The cheap-first-year trap
The single most common mistake is buying a .com for $0.99 or $1.00 in year one without checking the renewal price. Registrars advertise the promo price loudly and hide the renewal price in small text. A domain that costs $1 today might cost $22 every year after.
Always look at the renewal price, not the promo. The total cost of owning a domain for five years matters far more than the first-year discount.
Watch out for “free” domains bundled with hosting plans. They are usually locked to that host, expensive to renew, and a nightmare to transfer out. Always register your domain at an independent registrar you control.
WHOIS privacy
Every domain has a public WHOIS record — a directory entry listing the owner’s name, email, phone, and address. Without privacy, anyone can look this up, which means spam and scam calls. WHOIS privacy (also called domain privacy) replaces your personal details with the registrar’s proxy details.
Keep WHOIS privacy on for personal and small-business domains. It is free at Cloudflare, Namecheap, and Porkbun. The only time to turn it off is when a TLD’s rules forbid privacy, or when a business legally needs public contact details.
Registering step by step
Most registration happens in a web browser, but the verification afterward matters. Here is the flow.
- Search for the name and confirm availability in the registrar’s search box.
- Add it to the cart. Decline the upsells (hosting, “premium DNS”, email you do not need).
- Enable auto-renew and confirm WHOIS privacy is on.
- Pay for the longest term you are comfortable with (multi-year locks in price).
- Verify the email the registrar sends you within 15 days — this is mandatory.
ICANN requires you to verify the registrant email address. If you ignore the verification email, the registrar will suspend your domain and your site will go offline.
Once registered, you can confirm ownership and expiry from the command line on your Ubuntu server. Install the whois tool first.
sudo apt update
sudo apt install -y whois
whois example.com | grep -Ei 'registrar|expir|name server'
Output:
Registrar: Cloudflare, Inc.
Registrar URL: https://www.cloudflare.com
Registry Expiry Date: 2027-06-15T09:12:44Z
Name Server: ns1.cloudflare.com
Name Server: ns2.cloudflare.com
This tells you which registrar holds the domain, when it expires, and which nameservers (the DNS servers authoritative for your domain) are currently in charge.
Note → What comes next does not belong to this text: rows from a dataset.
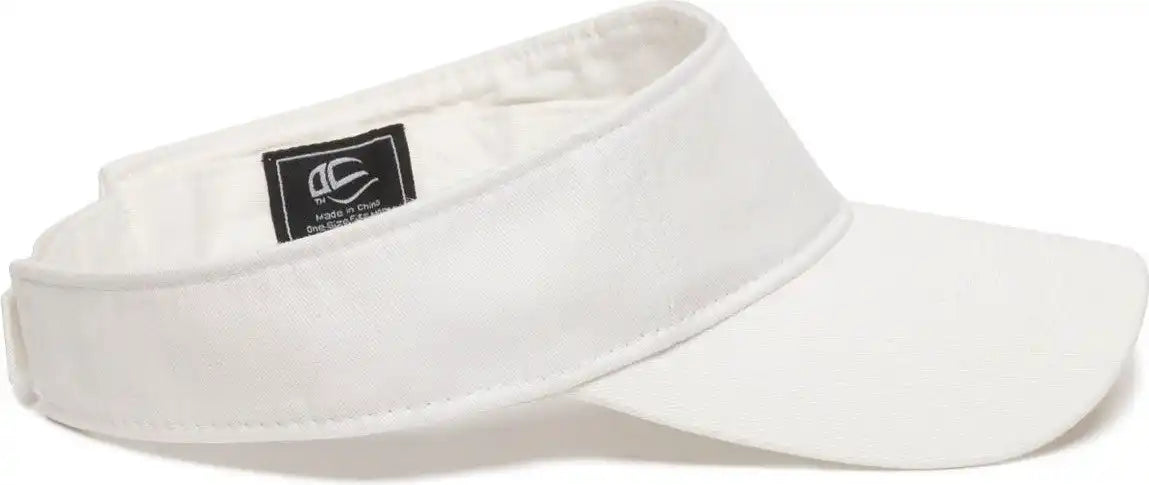 Oc Sports Gwtv-100 Adjustable Garment Washed Twill Visors - White - 6 7/8’’ - 7 1/2’’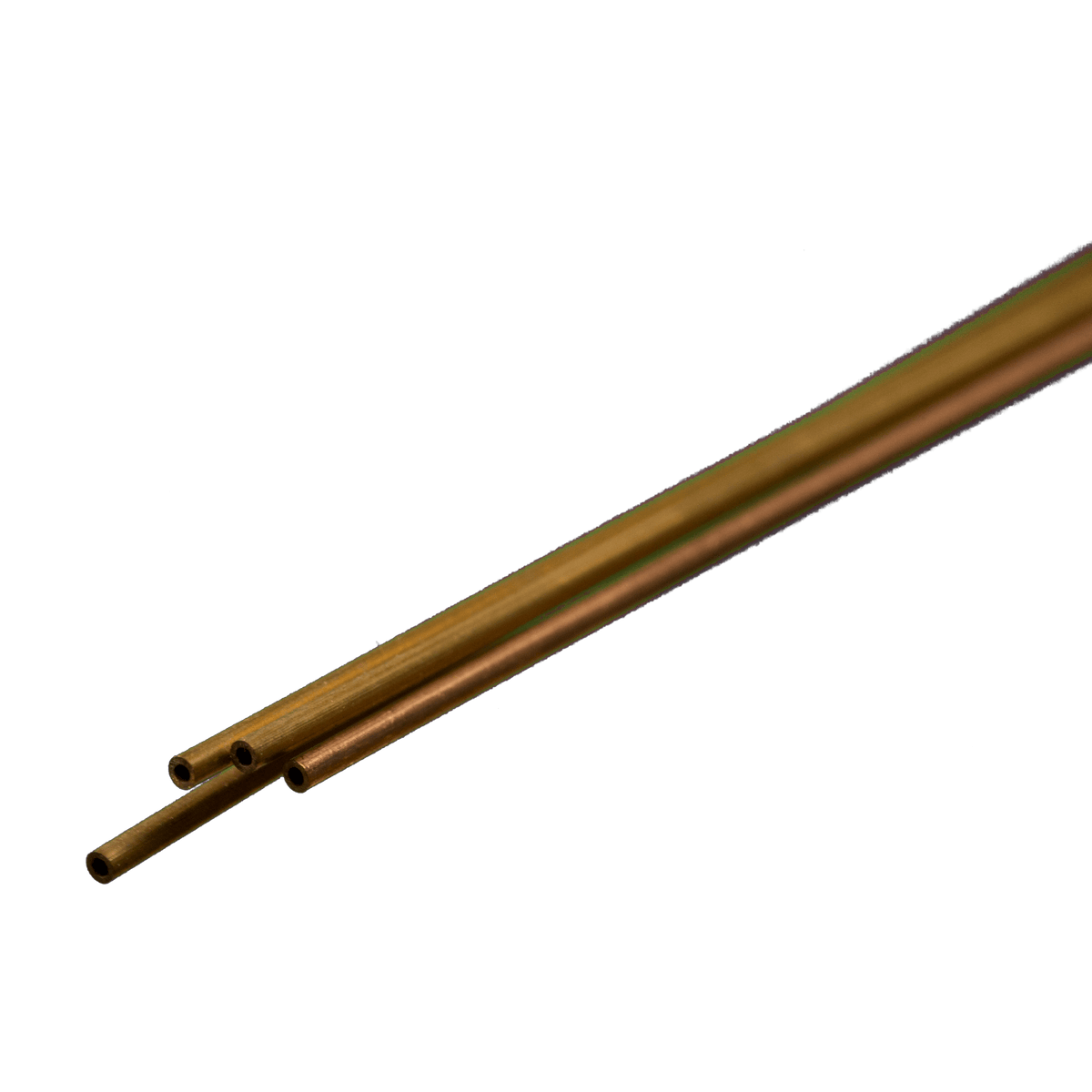 K&S 9830 round brass tubing, 1 mm outside diameter, 0.225 mm wall and 300 mm length, manufacturer profile photograph.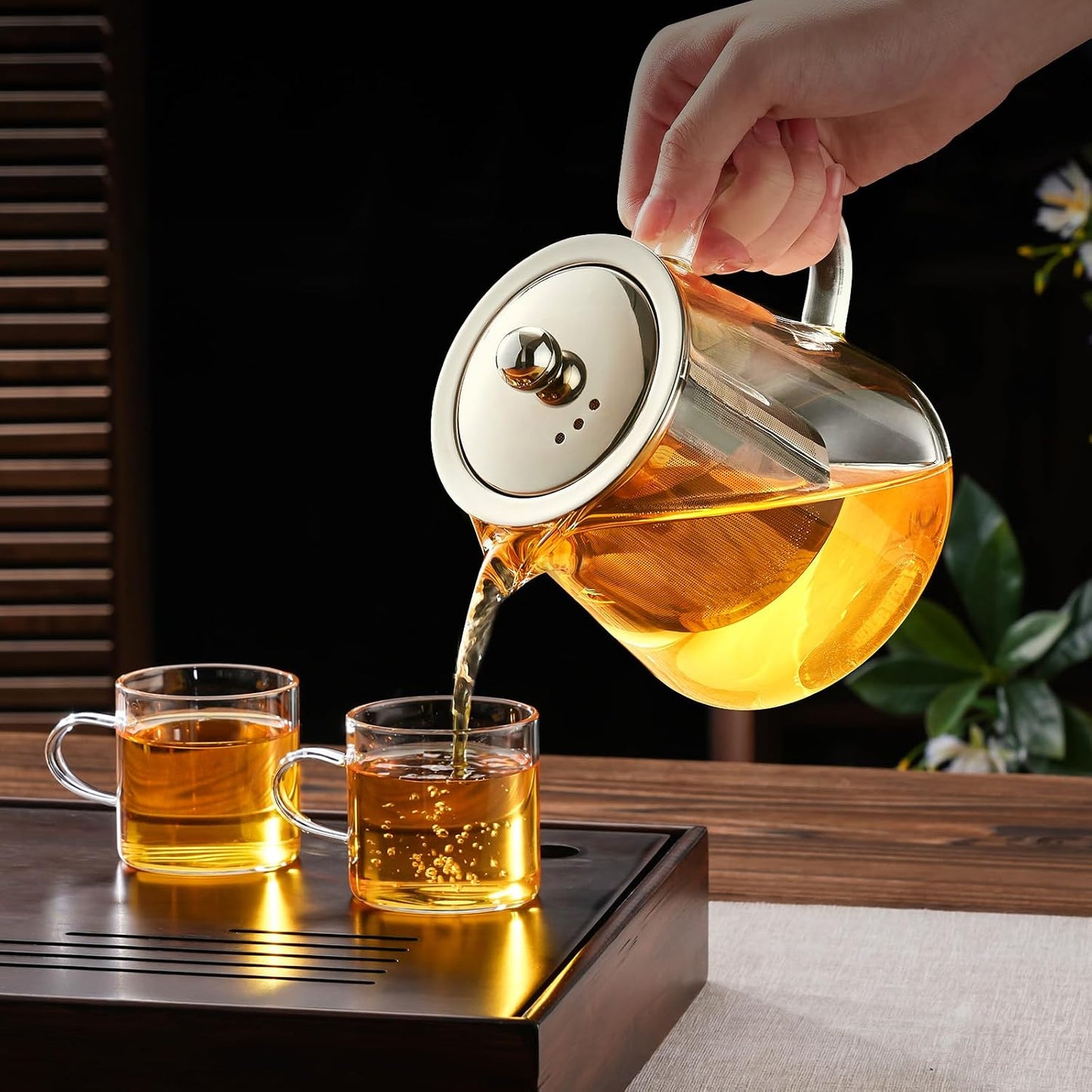Baalaka Glass Teapot Stovetop 20 OZ/600ml, Tea pot with Removable 18/8 Stainless Steel Infuser, Borosilicate Clear Tea Kettle, Teapot Blooming and Loose Leaf Tea Maker Tea Brewer for Camping, Travel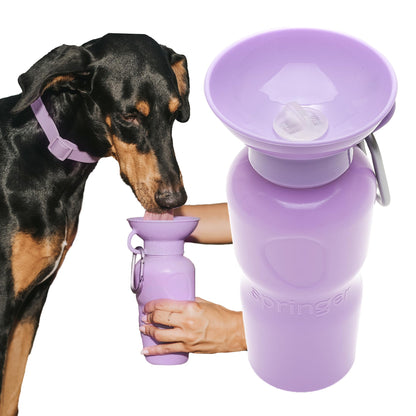 Springland 15oz Classic Portable Dog Water Bottle with Built-in Bowl, Lilac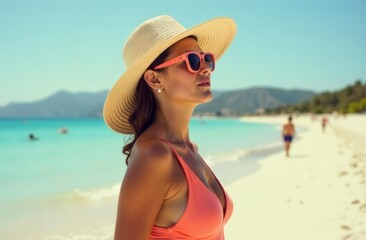 portrait of a woman in a hat on the background of a beach with snow-white sand and blue water. tourism. rest. the sun. protection from the sun. Tan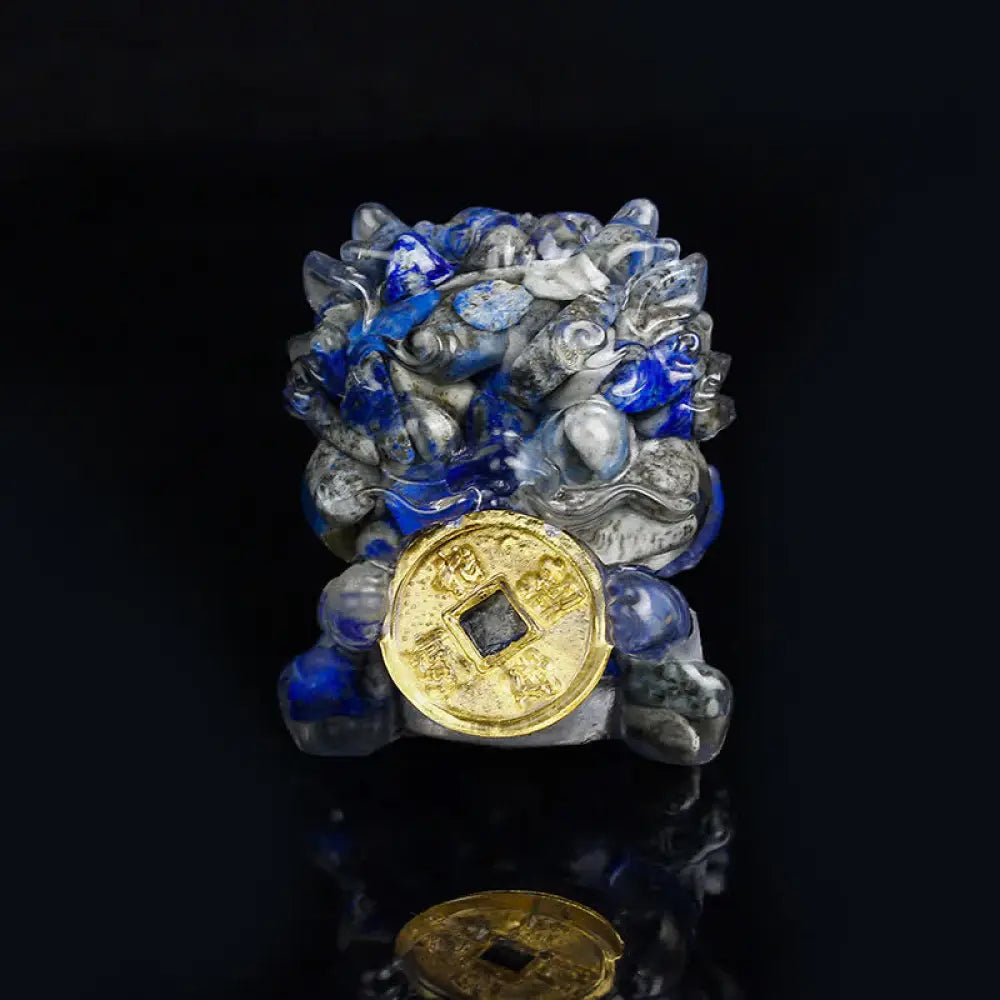 Buddha Stones Handmade Cute PiXiu Gold Coin Crystal Fengshui Energy Wealth Fortune Home Decoration - Lazurite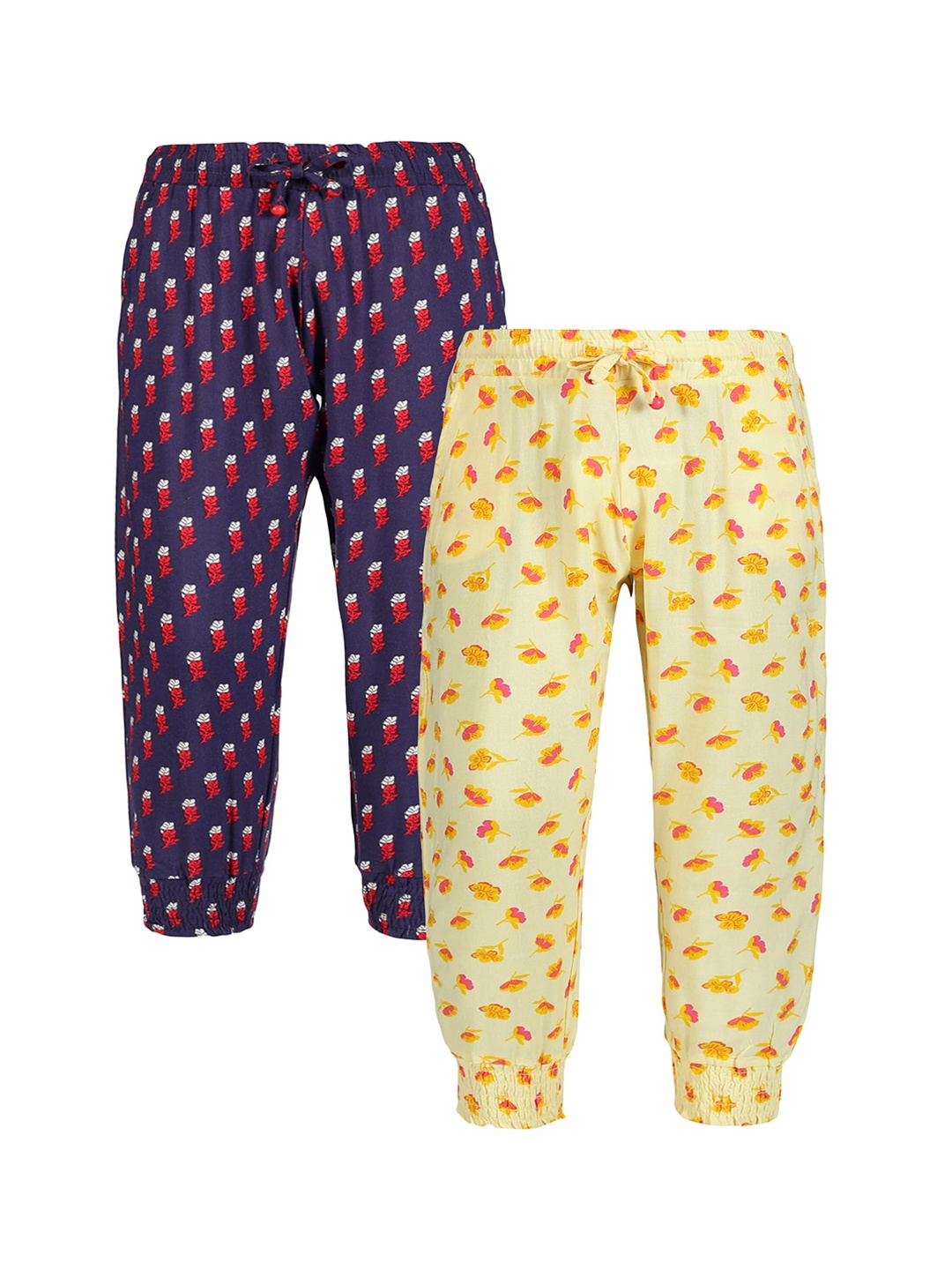 

PLUM TREE Girls Pack Of 2 Leaf Printed Joggers, Blue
After registration, the nameservers point to your registrar by default; you change them when you move DNS elsewhere.
Verifying DNS resolution
Once your domain is live and you have added at least an A record, check that it resolves from your server using dig (a DNS lookup tool from the dnsutils package).
sudo apt install -y dnsutils
dig +short example.com A
Output:
203.0.113.10
If you see your server’s IP, the domain is working. If you see nothing, the DNS records have not been created or have not propagated yet (propagation can take minutes to a couple of hours).
Best practices
- Always compare the renewal price, not the first-year promo, before buying.
- Turn on auto-renew and keep a valid card on file so you never lose the domain.
- Keep WHOIS privacy enabled unless a TLD or legal requirement forbids it.
- Register at an independent registrar you control — never accept a host-bundled “free” domain.
- Verify the ICANN registrant email within 15 days or the domain gets suspended.
- Prefer registrars that sell at cost (Cloudflare) or with cheap renewals (Porkbun, Namecheap) for long-term value.
- Lock the domain (registrar lock / transfer lock) to prevent unauthorized transfers.